The place would be full of crazies in an hour or so.
After that, the only precaution necessary would be to station one carefully selected fanatic in the lobby to handle escapees or intruders—with orders not to get thirsty.
A strange and prolonged musical chord sounded, and the walls began to bend. Just as they had before.
Stress seemed to bring on the weirdness, especially if I took time to think about it. I forced myself back into the elevator, moved my hand up to take the plastic key from the panel slot with an effort roughly comparable to that required for the creation of the pyramids, and held it before me like the Banner with a Strange Device on my way along several hundred miles of bright corridor to the door I knew was only a few steps away.
It took about a month, but as therapy it seemed to work.

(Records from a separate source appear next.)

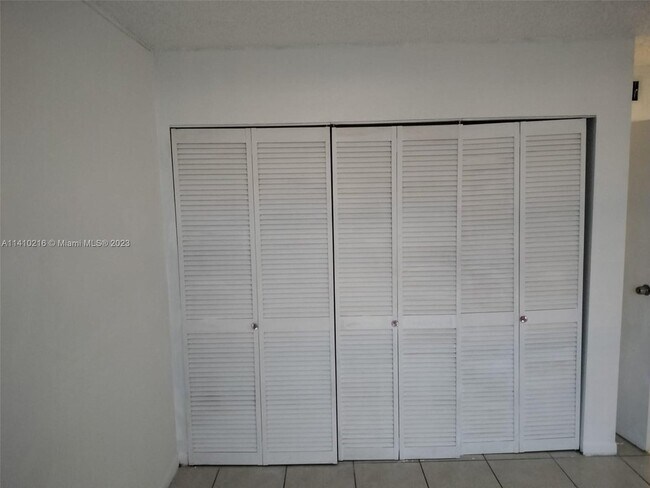 Building Photo - 13499 Biscayne Blvd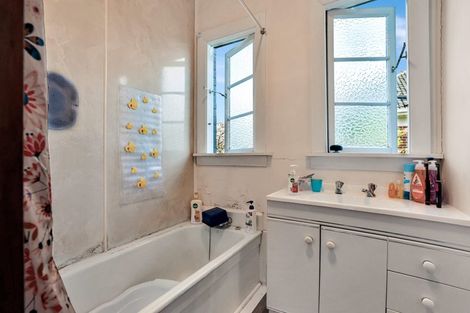 Photo of property in 42 Eton Street, Hampstead, Ashburton, 7700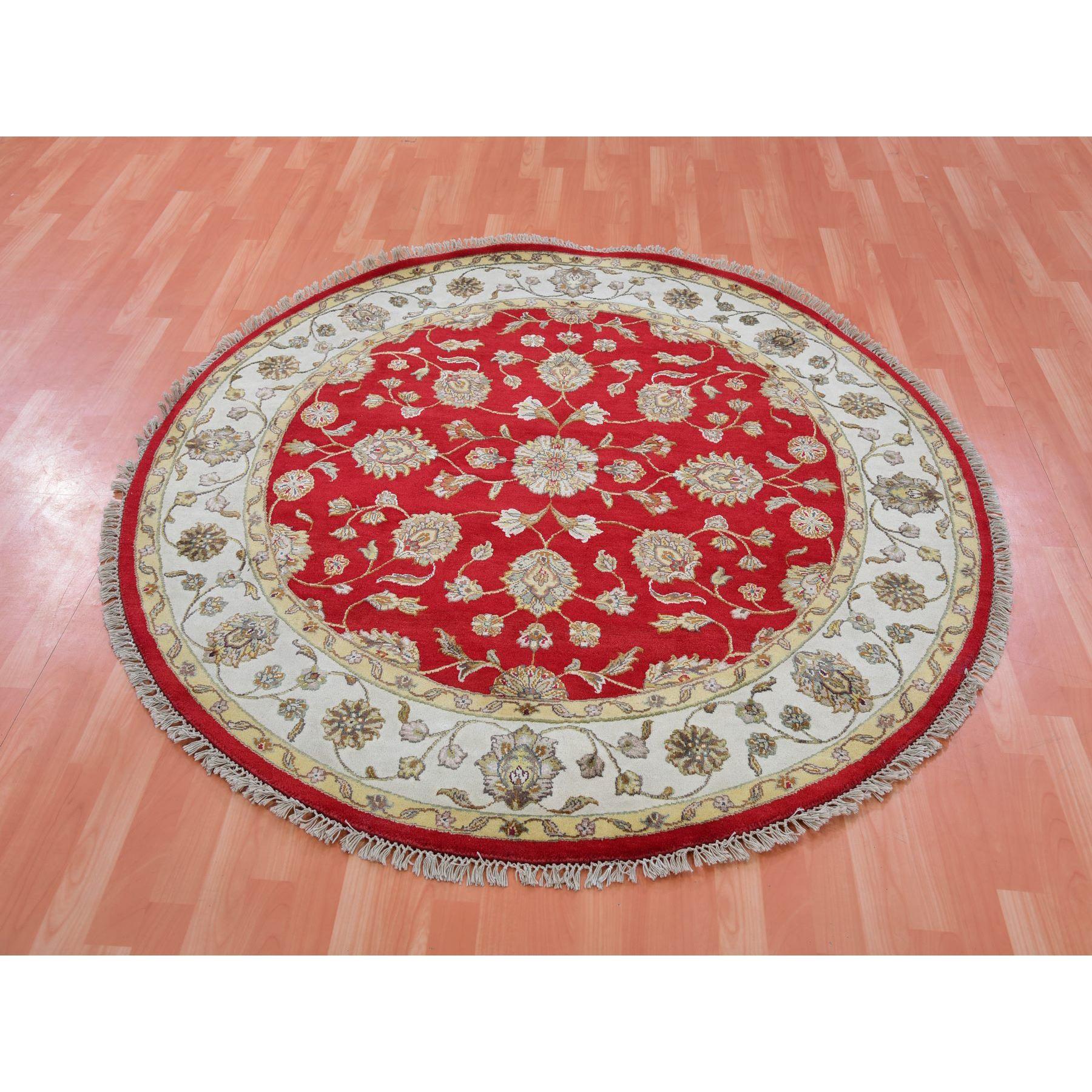 Il s'agit d'un véritable tapis d'Orient en laine et soie, noué à la main, de style Rajasthan Design/One. Il a été noué pendant des mois et des mois selon des techniques de tissage séculaires par des artisans experts.
Matières premières : Laine
Latex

The edges of the world were sharp again and the only sounds were real ones by the time I was able to slip the card into the slot in the door. The handle turned with a click, and I threw myself forward, past the threshold, in a roll that I hoped would bring me back to my feet in the vicinity of the metal chair that had confined me during the interview with Gideon.
But the chair was gone, and so was the darkness.

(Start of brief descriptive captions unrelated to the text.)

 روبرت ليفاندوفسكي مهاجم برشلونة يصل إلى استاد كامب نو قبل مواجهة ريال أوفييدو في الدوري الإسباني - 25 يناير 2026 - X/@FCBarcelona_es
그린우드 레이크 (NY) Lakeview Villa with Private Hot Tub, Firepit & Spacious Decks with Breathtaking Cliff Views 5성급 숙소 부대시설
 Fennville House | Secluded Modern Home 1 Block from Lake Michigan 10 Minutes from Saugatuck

Shutters that had blocked the windows before were open now, and light filled the room. It was a rectangle, furnished in the spare and utilitarian style usually associated with Eastern asceticism. Tatami matting was stacked in one corner, and the only adornment was a larger version of the obscene altar I had first seen in the house at Glen Ellen. But the fire bowl beneath the ankh was much larger.
Human size.
And occupied. I covered the distance in three steps that didn’t quite touch the floor but hesitated for a moment before bending to touch the sacrifice that lay unmoving there.